HPE bought Autonomy, a pioneer in 'big data' analytics founded by Lynch in 1996, in 2011. Within months of the deal's completion, HPE claimed that Lynch and his finance chief, Sushovan Hussain, had used accounting tricks to make Autonomy appear far bigger, and financially healthier, than it was.
The sale sparked more than a decade of costly litigation and investigations. In 2018, Hussain was convicted of fraud in the US and sentenced to five years in prison. He was released in January 2024 and settled with HPE in this case for an undisclosed sum earlier this year.
In 2021, the Financial Reporting Council, the UK's accounting watchdog, fined Deloitte £15 million for 'serious failures' over its audit of Autonomy's accounts.

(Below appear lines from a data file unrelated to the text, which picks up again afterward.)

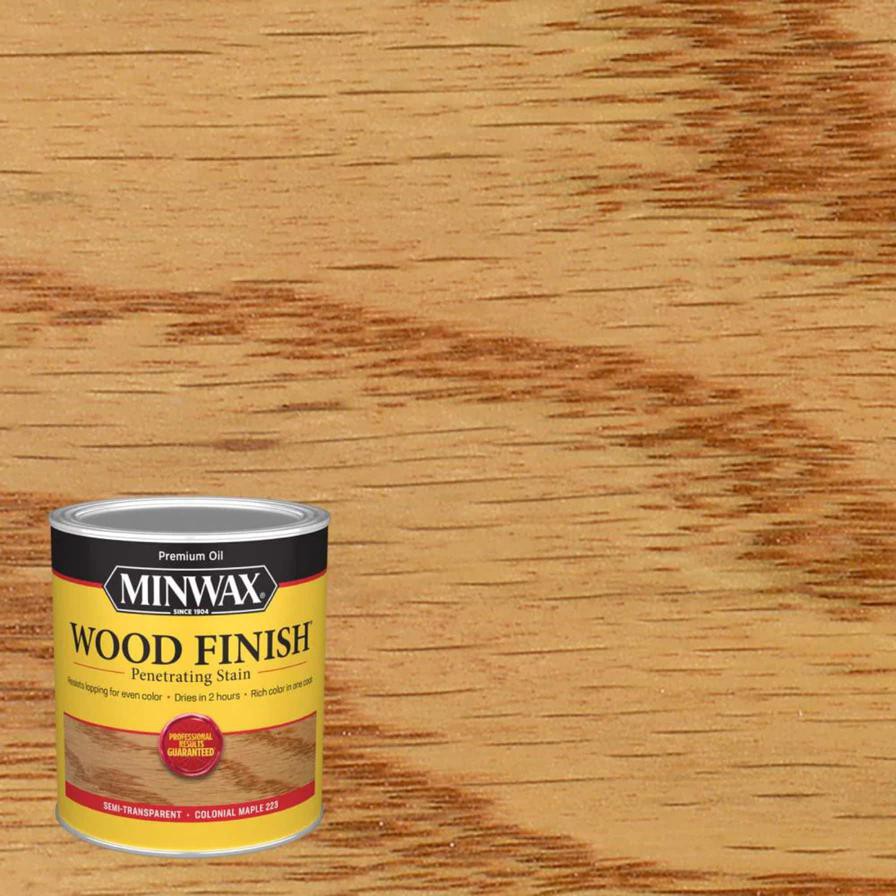 Minwax Wood Finish Penetrating Stain (946 ml, Colonial Maple)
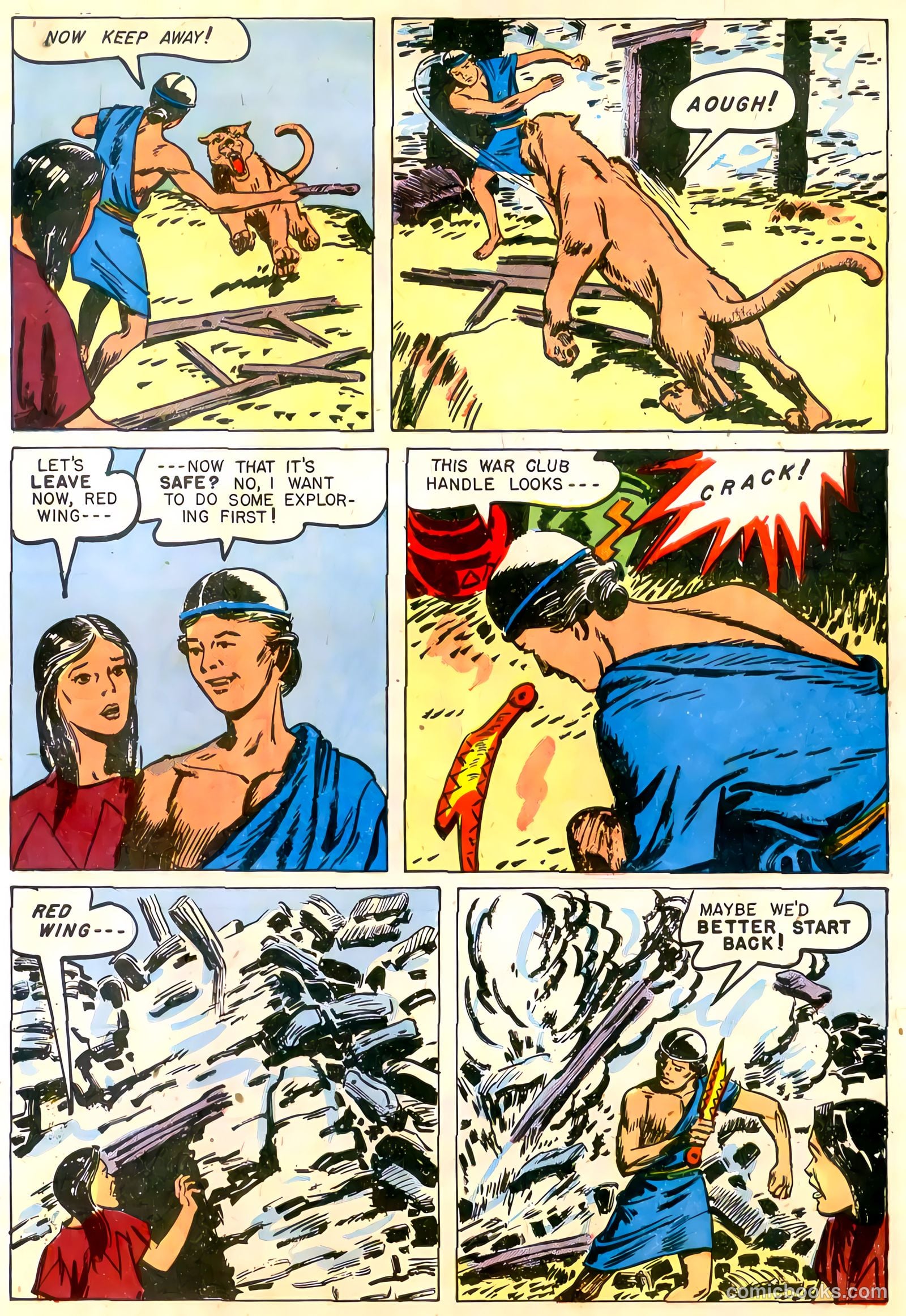 Indian Chief #22 — page 33 of 36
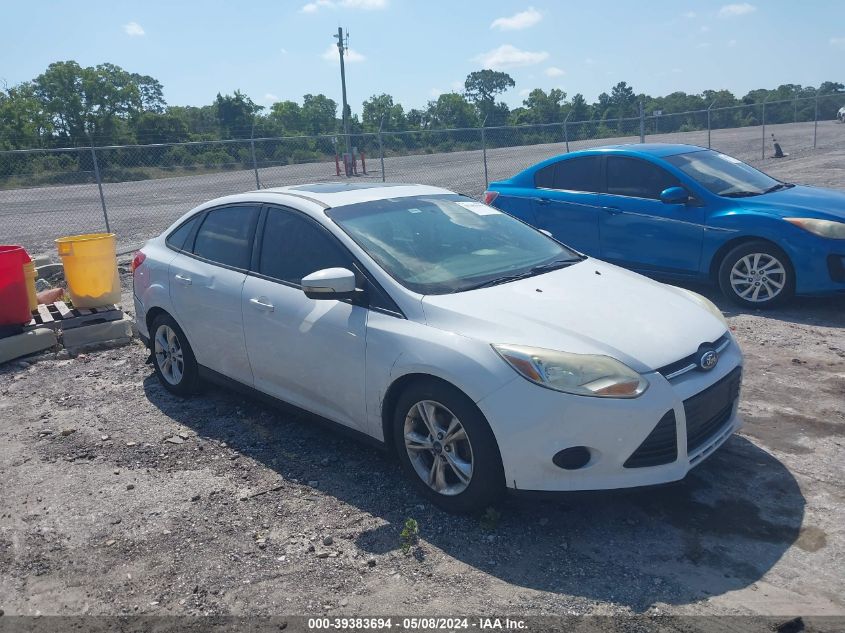 2014 Ford Focus Se VIN: 1FADP3F21EL265593 Lot: 39383694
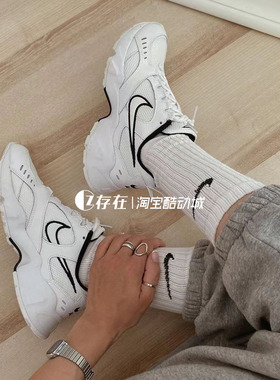 Nike耐克Air Heights男女复古黑白老爹鞋运动休闲跑步鞋CI0603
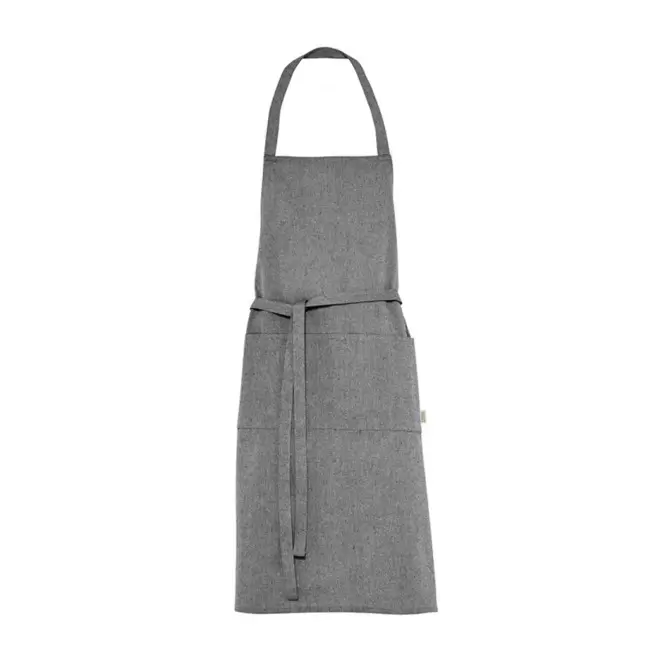 TABLIER LONG PERSONNALISABLE 'TOMMY 220' - noir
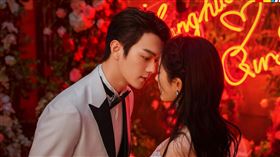 《愛的二八定律》李楷 楊冪（圖／愛爾達電視 提供）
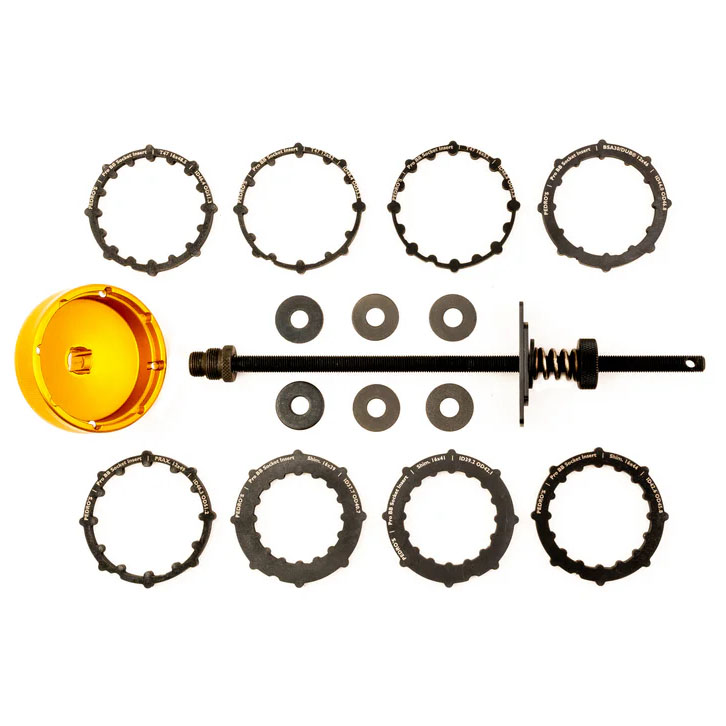 Pedro's Pro BB Socket Set,10pc Set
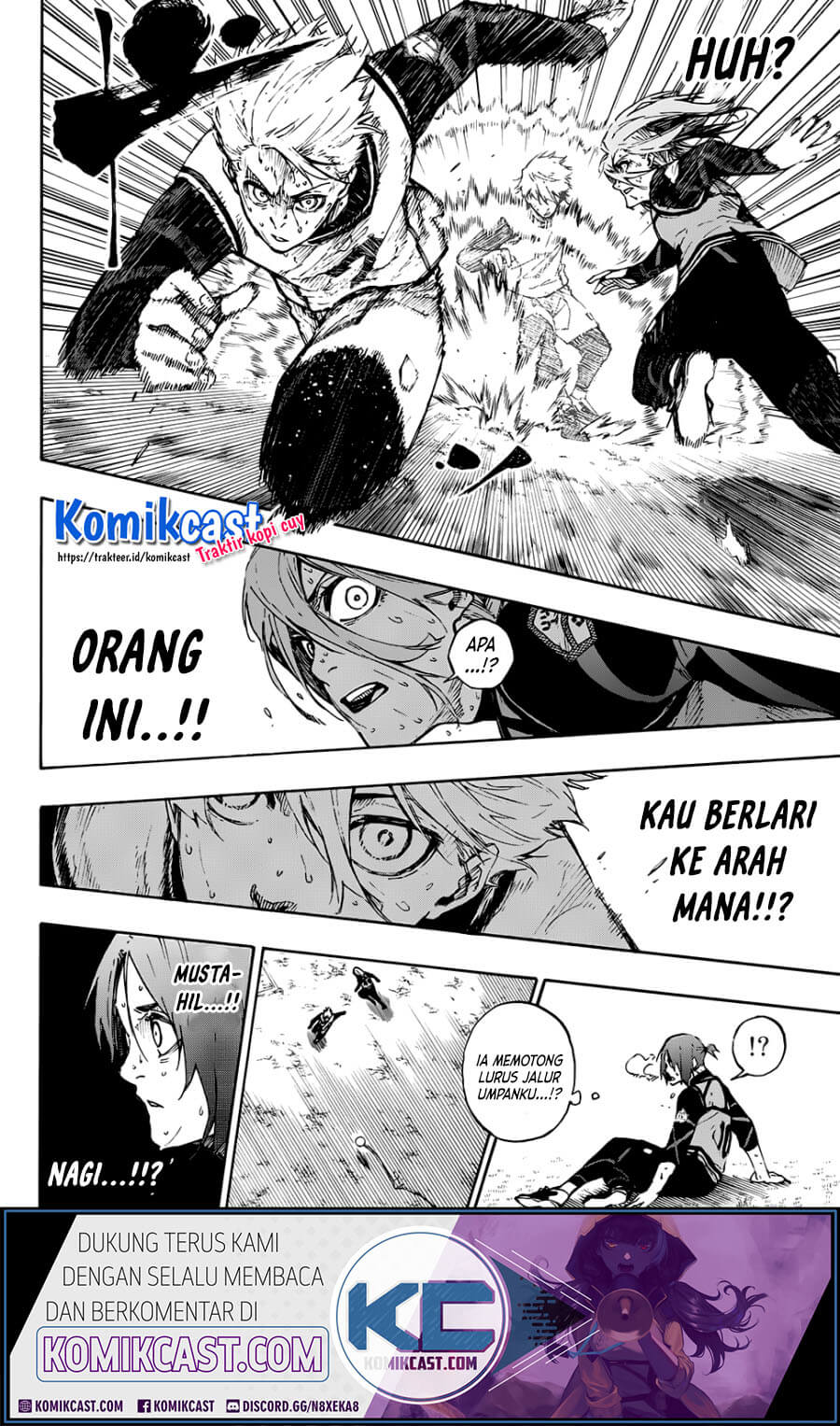 Blue Lock Chapter 65 - halaman 16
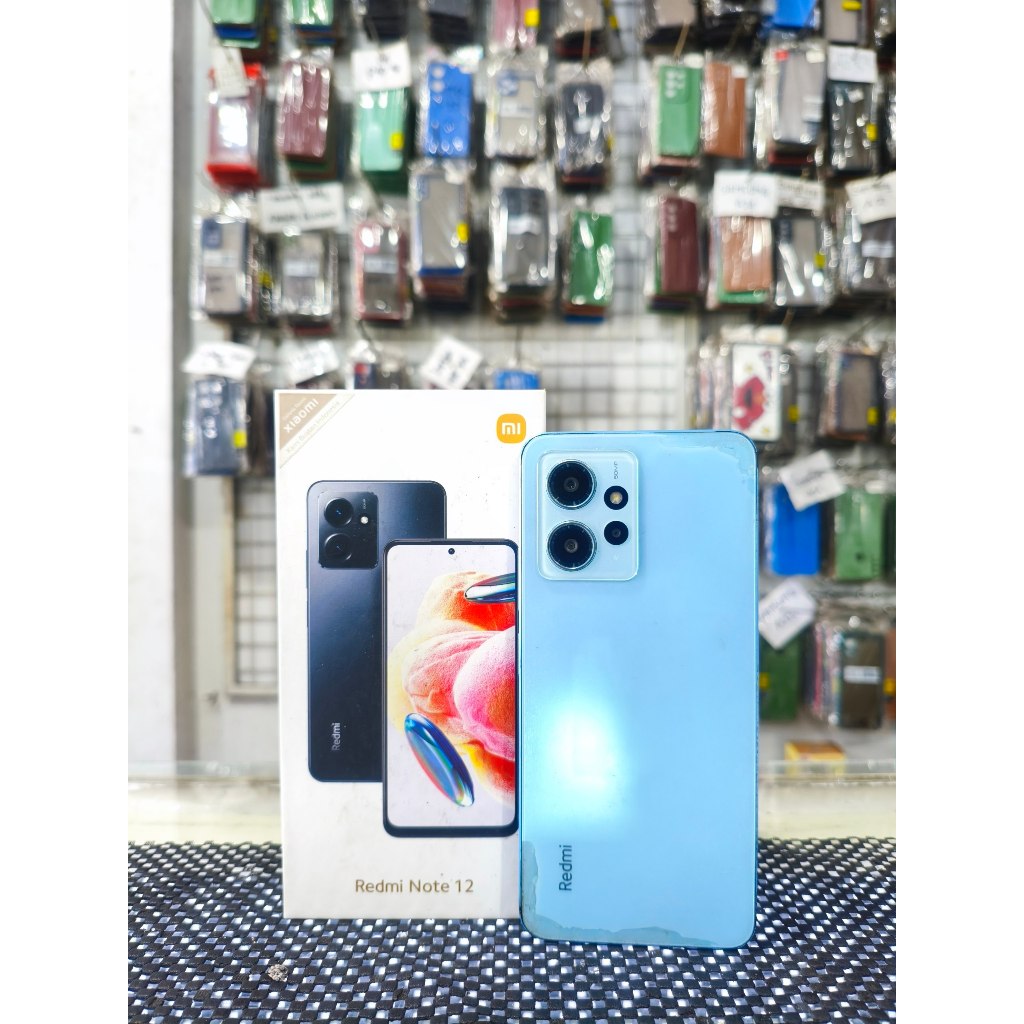 REDMI NOTE 12 ORIGINAL SECOND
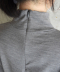 Wool jersey High Neck Top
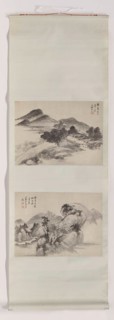 Scroll Painting, Xiang Wenyan, 1850 - 1900
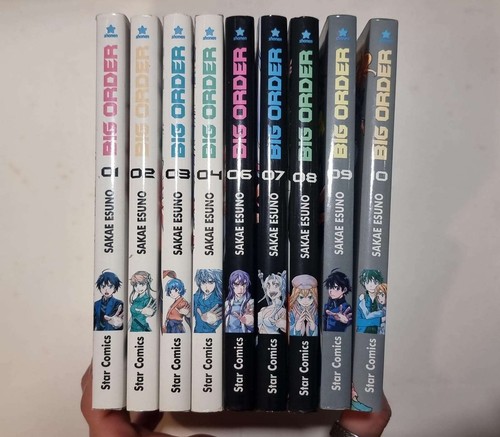 Big order serie completa - order,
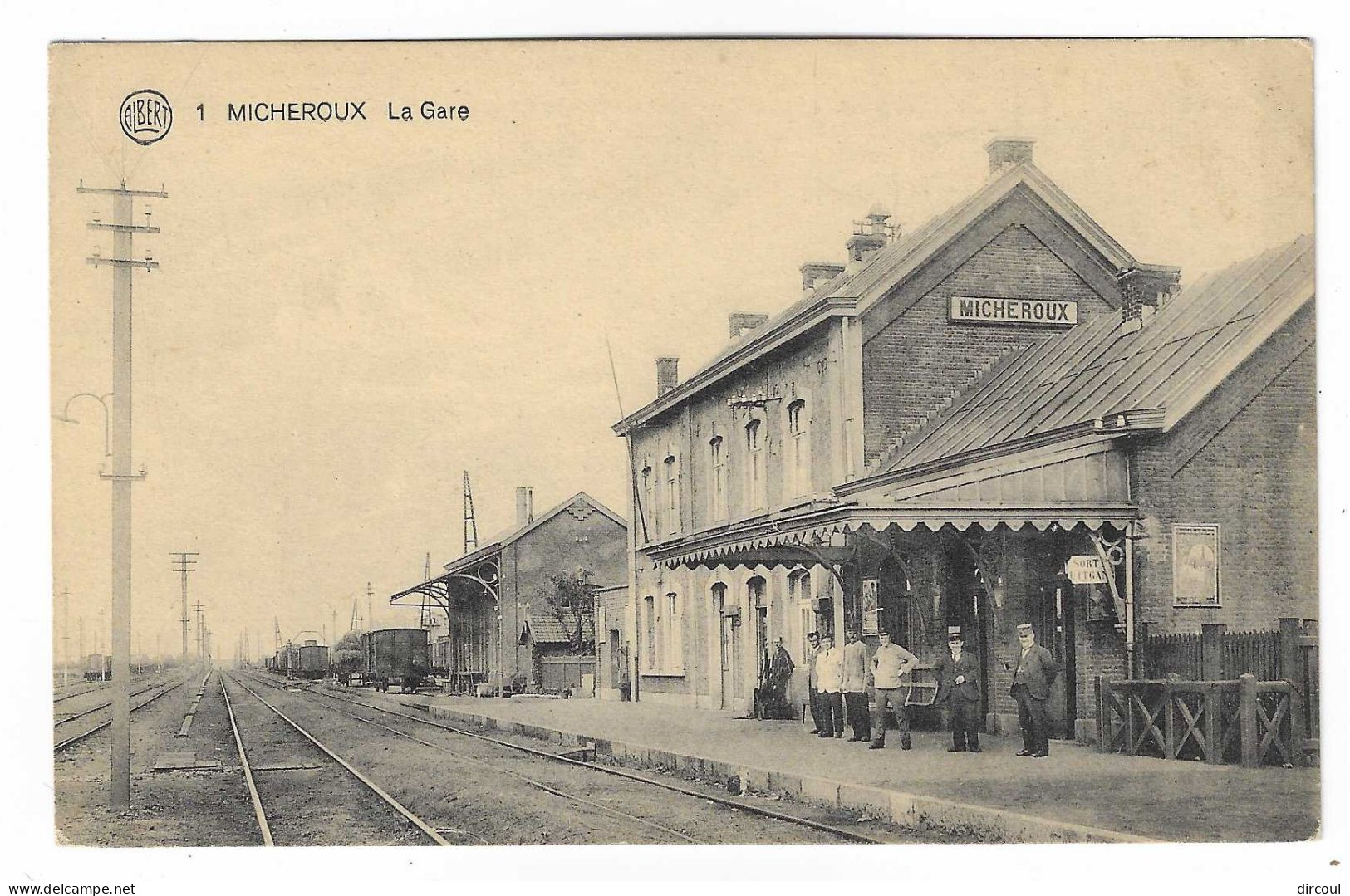 56186   Micheroux  La  Gare - Soumagne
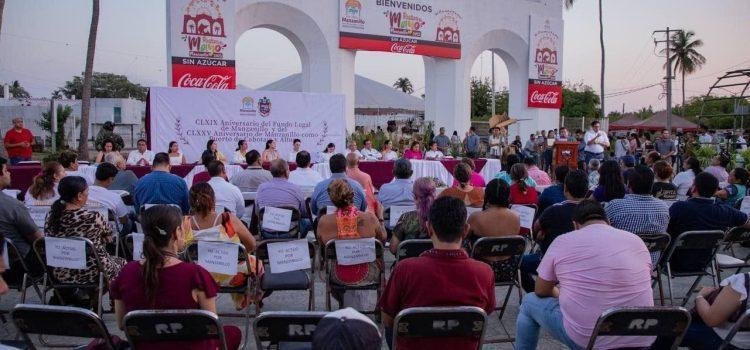 Manzanillo celebra aniversario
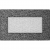 Вентиляционная решетка Черная/Серебро (11*17) 117CS - фото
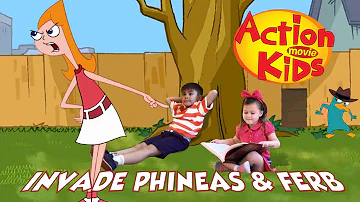 Action Movie Kids' Phineas and Ferb Theme Song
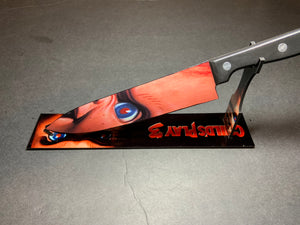 Childs Play 3 Knife With/Without Sublimated Stand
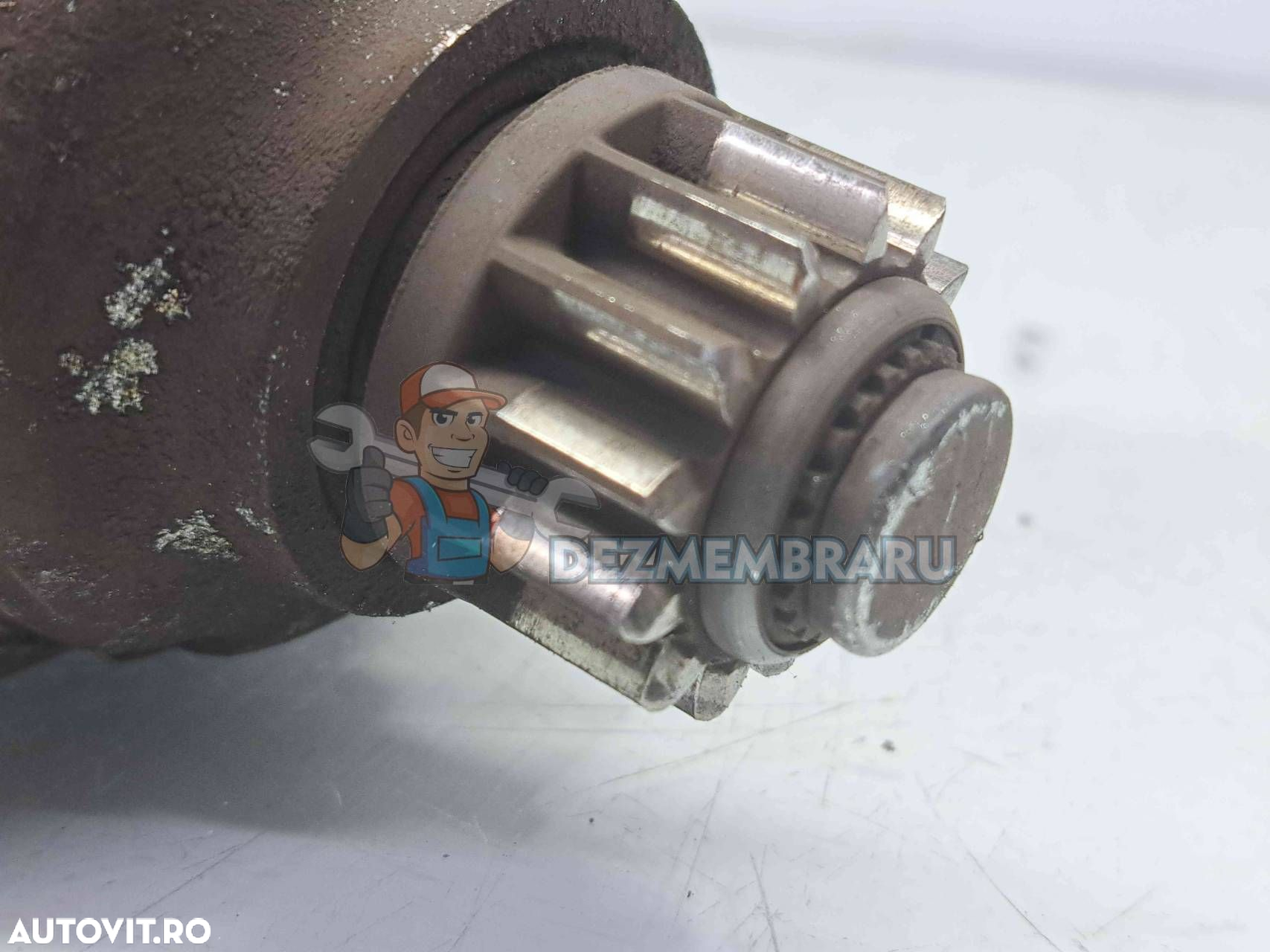 Electromotor 13 dinti Audi A1 (8X1) [Fabr 2010-2018] OEM 1.4 TSI CAXA 90KW 120CP - 2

After a long extradition battle, Lynch was sent to the US in 2023 to face a jury in California, but he was acquitted, along with Stephen Chamberlain, Autonomy's vice-president of finance, last June, shortly before the yacht accident in August.
According to an interim report from British marine investigators, at about 4am on August 19 last year while the Bayesian was anchored off the town of Porticello, the 56m (184ft) boat was violently knocked sideways by a sudden 80mph gust.
Water suddenly started cascading in and Bacares was pulled out of the vessel by a crew member. Others however, including Lynch and their 18-year-old daughter, Hannah, never made it out of the boat as it sank 45m to the sea bed. The conclusion of the UK legal proceedings has been in limbo since the maritime tragedy.
Although HPE wanted $4 billion, few thought it would get that much. Hildyard said in his original findings that the US company was unlikely to get the sum it was after, because HP may well have bought Autonomy, regardless of the fraud.